Son corps a été retrouvé le 9 décembre sur la route reliant Namkum à Doranda dans la ville de Ranchi. L'autopsie révélera deux impacts de balles, l'une restée logée à l'intérieur du corps. Le rapport établit également l'absence de signes de lutte ou de rixe, pas même une égratignure. Son taxi, son téléphone et sa carte d'identité avaient disparu, mais pas son argent. Aucune arme n'a été retrouvée sur la scène de crime. Tous ces éléments désignent un meurtre prémédité exécuté par un professionnel. Onze jours ont déjà passé depuis, mais il n'y a encore eu aucune arrestation – même si la police déclare avoir des pistes.
Le 14 décembre 2018, plus de 100 personnes : leaders de mouvements sociaux, activistes, journalistes, étudiants et membres du réseau VV ont participé à une marche silencieuse en protestation contre son meurtre. Lors de cette marche, Jerrome Kujur, Dayamani Barla, Deepak Bara ont dénoncé les menaces fréquentes et le harcèlement contre les journalistes et activistes du Jharkhand. Ils ont exhorté l’État à mener une enquête rigoureuse afin d'amener les assassins d'Amit Topno devant l justice.
Le 15 décembre 2018, une délégation d'organisations civiles incluant VV a rencontrée le superintendant de la police et lui a demandé une investigation rapide et complète concernant le meurtre de Topno. Le SSP (Senior Superintendant de Police) a assuré que tous les angles possibles seront examinés.
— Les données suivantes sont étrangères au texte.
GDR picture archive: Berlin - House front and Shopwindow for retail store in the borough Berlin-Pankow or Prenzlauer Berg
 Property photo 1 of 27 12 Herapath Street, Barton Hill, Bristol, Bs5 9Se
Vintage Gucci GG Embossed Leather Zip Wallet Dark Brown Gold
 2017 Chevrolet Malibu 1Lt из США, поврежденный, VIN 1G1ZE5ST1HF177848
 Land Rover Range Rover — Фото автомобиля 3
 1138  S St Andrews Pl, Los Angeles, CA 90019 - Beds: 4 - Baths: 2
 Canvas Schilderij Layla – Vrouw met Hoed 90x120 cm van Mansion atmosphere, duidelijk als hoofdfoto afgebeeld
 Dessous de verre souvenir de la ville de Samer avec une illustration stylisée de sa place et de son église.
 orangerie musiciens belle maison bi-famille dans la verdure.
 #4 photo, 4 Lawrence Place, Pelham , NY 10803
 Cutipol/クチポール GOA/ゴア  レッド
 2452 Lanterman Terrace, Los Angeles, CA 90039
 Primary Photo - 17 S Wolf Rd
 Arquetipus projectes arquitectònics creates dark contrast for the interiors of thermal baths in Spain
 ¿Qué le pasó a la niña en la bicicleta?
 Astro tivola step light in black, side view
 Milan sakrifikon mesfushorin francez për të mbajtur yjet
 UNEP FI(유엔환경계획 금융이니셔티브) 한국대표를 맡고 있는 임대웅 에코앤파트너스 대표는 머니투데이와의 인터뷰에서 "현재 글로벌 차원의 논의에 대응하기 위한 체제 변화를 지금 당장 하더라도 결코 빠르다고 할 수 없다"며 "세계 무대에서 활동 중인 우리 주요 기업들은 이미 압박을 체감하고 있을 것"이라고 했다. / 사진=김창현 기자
Le 17 décembre 2018, le Jantantrik Mahasabha du Jharkhand a organisé une manifestation pacifique à Jamshedpur. Des amis et alliés d'Amit ont aussi présenté une demande à la Commission nationale des tribus répertoriées, lui demandant instamment de prendre connaissance de l'horrible meurtre. Les organisations de la société civile ont saisi de l'affaire le Secrétaire général du Jharkhand et les ministres le 19 décembre. Arup Chatterjee, un député de l'Assemblée législative de Nirsa et Dhanbad, s'est vu remettre les documents relatifs au travail de Topno et a promis d'évoquer l'affaire durant la session hivernale de l'assemblée commençant le 24 décembre.
Bien que Topno n'ait pas informé ses collègues de quelconques menaces le concernant au cours des 18 derniers mois, on ne peut exclure qu'il ait été assassiné à cause de son travail de journaliste et d'activiste social qui soulevait des questions concernant les communautés marginalisées, et travaillait dans des zones où les conflits autour de l'utilisation des terres sont monnaie courante. À un moment où l'Inde se classe quatorzième à l'Index mondial de l'impunité, le meurtre de Topno nous rappelle que les journalistes disant leur fait aux puissants et enquêtant dans des régions rurales reculées ne sont pas en sécurité.